§ What you have to do
Your task is to copy each line of the material that includes "White".

§ Material to process
^^^^^^^^^^^^^^^^

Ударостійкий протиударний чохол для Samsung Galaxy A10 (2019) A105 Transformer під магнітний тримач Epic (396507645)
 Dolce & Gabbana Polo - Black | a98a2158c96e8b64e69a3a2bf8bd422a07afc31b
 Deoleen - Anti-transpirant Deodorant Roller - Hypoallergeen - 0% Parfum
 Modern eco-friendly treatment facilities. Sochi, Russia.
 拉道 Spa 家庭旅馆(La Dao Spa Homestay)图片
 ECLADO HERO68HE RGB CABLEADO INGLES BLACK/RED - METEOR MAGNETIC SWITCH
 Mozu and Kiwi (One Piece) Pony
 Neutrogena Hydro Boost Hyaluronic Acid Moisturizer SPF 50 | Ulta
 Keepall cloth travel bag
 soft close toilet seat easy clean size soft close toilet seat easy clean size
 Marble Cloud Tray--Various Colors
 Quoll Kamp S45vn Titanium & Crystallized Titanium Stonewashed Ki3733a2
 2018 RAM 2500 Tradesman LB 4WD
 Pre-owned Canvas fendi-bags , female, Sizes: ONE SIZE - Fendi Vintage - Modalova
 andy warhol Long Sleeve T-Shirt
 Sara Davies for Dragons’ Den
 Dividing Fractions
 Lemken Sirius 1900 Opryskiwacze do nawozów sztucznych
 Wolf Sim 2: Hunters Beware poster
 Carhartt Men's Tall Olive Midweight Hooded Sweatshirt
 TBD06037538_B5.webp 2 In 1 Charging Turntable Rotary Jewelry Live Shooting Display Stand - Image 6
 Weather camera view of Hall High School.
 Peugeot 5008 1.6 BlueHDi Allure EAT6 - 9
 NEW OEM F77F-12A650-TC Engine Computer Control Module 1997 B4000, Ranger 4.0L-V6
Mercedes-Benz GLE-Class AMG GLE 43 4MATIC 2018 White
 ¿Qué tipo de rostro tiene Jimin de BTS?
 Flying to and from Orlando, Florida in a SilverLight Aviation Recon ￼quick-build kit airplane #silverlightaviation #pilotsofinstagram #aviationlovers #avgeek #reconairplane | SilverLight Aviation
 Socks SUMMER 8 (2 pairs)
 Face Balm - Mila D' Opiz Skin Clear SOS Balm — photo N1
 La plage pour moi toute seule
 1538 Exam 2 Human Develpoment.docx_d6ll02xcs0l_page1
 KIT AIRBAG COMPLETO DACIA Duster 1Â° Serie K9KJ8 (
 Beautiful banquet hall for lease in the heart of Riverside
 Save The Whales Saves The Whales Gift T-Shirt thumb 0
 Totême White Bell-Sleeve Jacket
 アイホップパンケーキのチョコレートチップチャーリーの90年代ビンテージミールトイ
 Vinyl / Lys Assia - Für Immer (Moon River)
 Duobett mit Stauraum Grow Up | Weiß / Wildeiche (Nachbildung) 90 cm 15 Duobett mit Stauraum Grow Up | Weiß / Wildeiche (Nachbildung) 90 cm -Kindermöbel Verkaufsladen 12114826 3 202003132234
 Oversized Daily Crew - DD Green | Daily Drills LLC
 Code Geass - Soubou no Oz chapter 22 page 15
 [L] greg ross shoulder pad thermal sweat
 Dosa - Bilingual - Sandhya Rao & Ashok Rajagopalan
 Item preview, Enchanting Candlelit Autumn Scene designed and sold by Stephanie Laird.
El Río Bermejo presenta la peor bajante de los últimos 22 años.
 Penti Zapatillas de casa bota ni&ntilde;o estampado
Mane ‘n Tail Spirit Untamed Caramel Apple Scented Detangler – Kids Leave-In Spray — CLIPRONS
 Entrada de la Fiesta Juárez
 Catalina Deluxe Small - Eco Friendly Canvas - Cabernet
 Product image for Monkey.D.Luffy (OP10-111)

^^^^^^^^^^^^^^^^

§ Written answer
Mercedes-Benz GLE-Class AMG GLE 43 4MATIC 2018 White
 Totême White Bell-Sleeve Jacket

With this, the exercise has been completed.